# Audyssey MultEQ - Sub equalization required?



## nht1259 (Nov 24, 2010)

I have a Denon AVR-3310 with Audyssey MultEQ. After reading owner's guide and going onto the Denon and Audyssey websites, and I a still confused on whether or what equalization MultEQ does on the LFE channel.

So my question is this - if my receiver has MultEQ, do I need to do my own equalization on the subwoofer output?


----------



## jmschnur (May 31, 2011)

nht1259 said:


> I have a Denon AVR-3310 with Audyssey MultEQ. After reading owner's guide and going onto the Denon and Audyssey websites, and I a still confused on whether or what equalization MultEQ does on the LFE channel.
> 
> So my question is this - if my receiver has MultEQ, do I need to do my own equalization on the subwoofer output?


Audyssey xt will do it.


----------



## nht1259 (Nov 24, 2010)

Mine has MultEQ. No XT in the naming anywhere. Does this mean that the sub is not equalized?


----------



## Moonfly (Aug 1, 2008)

MultiEQ still eq's the subs. See here:

http://www.audyssey.com/audio-technology/multeq


----------



## nht1259 (Nov 24, 2010)

Moonfly said:


> MultiEQ still eq's the subs. See here:
> 
> http://www.audyssey.com/audio-technology/multeq


So, would this mean that a Velodyne SMS-1 or BFD/REW would be a waste of time and money?


----------



## Moonfly (Aug 1, 2008)

nht1259 said:


> So, would this mean that a Velodyne SMS-1 or BFD/REW would be a waste of time and money?


Depends what you want to do. Both those alternatives offer manual manipulation while Audyssey does not.
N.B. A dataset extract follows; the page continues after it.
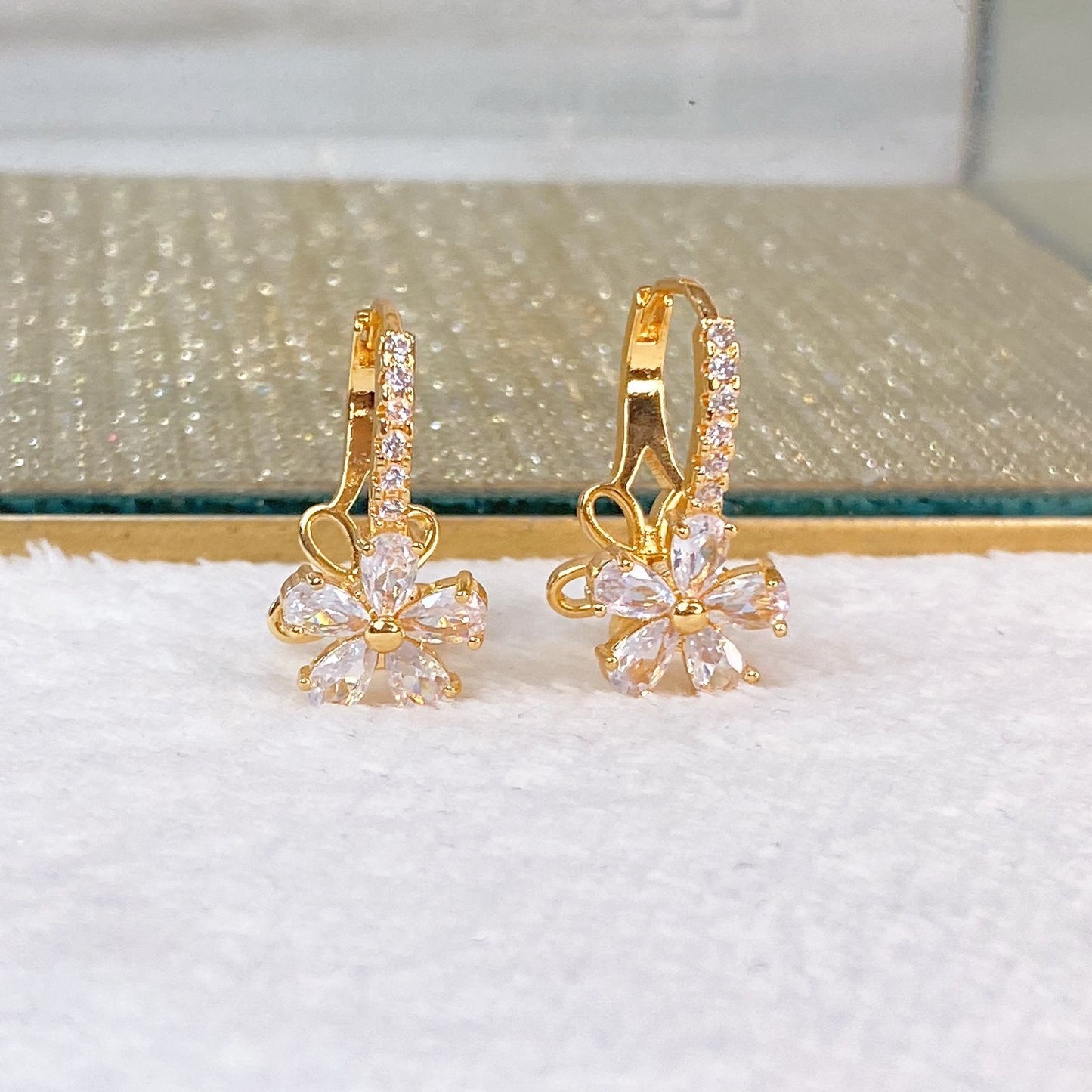 Arete de Chapa de Oro COA2098-1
Audyssey is all fire and forget though, so if thats what your after your set with what you have.


----------



## nht1259 (Nov 24, 2010)

Moonfly said:


> Depends what you want to do. Both those alternatives offer manual manipulation while Audyssey does not. Audyssey is all fire and forget though, so if thats what your after your set with what you have.


The nerd in me wants graphs and ability to tweak and tune until my wife gets mad at me!


----------



## Moonfly (Aug 1, 2008)

An SPL meter, REW, some reading on house curves, and a BFD should do you nicely then


----------



## jmschnur (May 31, 2011)

nht1259 said:


> So, would this mean that a Velodyne SMS-1 or BFD/REW would be a waste of time and money?


With xt 32a waste. With multieq can use the a pre sub equal to help smooth out peaks at the MLP and then audyssey. It may or may not sound better.


----------



## Moonfly (Aug 1, 2008)

jmschnur said:


> With xt 32a waste. With xt one can do the a pre sub equal to help smooth out peaks at the MLP and then audyssey. It may or may not sound better.


See . . . . . . . . 




nht1259 said:


> Mine has MultEQ. No XT in the naming anywhere. Does this mean that the sub is not equalized?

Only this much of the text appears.